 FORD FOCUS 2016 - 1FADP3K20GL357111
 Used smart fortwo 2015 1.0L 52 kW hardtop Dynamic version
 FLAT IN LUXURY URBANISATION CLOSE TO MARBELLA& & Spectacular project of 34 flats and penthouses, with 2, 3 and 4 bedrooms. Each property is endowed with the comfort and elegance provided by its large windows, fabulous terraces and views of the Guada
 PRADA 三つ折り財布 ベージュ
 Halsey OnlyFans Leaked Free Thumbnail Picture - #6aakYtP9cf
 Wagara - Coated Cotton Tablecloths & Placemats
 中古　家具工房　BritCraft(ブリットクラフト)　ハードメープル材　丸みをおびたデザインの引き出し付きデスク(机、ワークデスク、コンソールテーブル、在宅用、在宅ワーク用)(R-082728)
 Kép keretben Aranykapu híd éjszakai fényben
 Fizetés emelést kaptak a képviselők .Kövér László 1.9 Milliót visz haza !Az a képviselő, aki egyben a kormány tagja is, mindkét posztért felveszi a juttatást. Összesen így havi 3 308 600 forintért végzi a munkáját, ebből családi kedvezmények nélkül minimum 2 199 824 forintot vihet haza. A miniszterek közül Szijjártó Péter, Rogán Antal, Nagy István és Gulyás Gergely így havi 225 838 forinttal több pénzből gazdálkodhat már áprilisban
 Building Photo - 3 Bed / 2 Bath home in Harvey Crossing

-------------------------

--- EXERCISE INSTRUCTIONS ---
What is needed here is an exact copy of every record.

--- SOLUTION TO THIS TASK ---
 FORD FOCUS 2016 - 1FADP3K20GL357111
 Used smart fortwo 2015 1.0L 52 kW hardtop Dynamic version
 FLAT IN LUXURY URBANISATION CLOSE TO MARBELLA& & Spectacular project of 34 flats and penthouses, with 2, 3 and 4 bedrooms. Each property is endowed with the comfort and elegance provided by its large windows, fabulous terraces and views of the Guada
 PRADA 三つ折り財布 ベージュ
 Halsey OnlyFans Leaked Free Thumbnail Picture - #6aakYtP9cf
 Wagara - Coated Cotton Tablecloths & Placemats
 中古　家具工房　BritCraft(ブリットクラフト)　ハードメープル材　丸みをおびたデザインの引き出し付きデスク(机、ワークデスク、コンソールテーブル、在宅用、在宅ワーク用)(R-082728)
 Kép keretben Aranykapu híd éjszakai fényben
 Fizetés emelést kaptak a képviselők .Kövér László 1.9 Milliót visz haza !Az a képviselő, aki egyben a kormány tagja is, mindkét posztért felveszi a juttatást. Összesen így havi 3 308 600 forintért végzi a munkáját, ebből családi kedvezmények nélkül minimum 2 199 824 forintot vihet haza. A miniszterek közül Szijjártó Péter, Rogán Antal, Nagy István és Gulyás Gergely így havi 225 838 forinttal több pénzből gazdálkodhat már áprilisban
 Building Photo - 3 Bed / 2 Bath home in Harvey Crossing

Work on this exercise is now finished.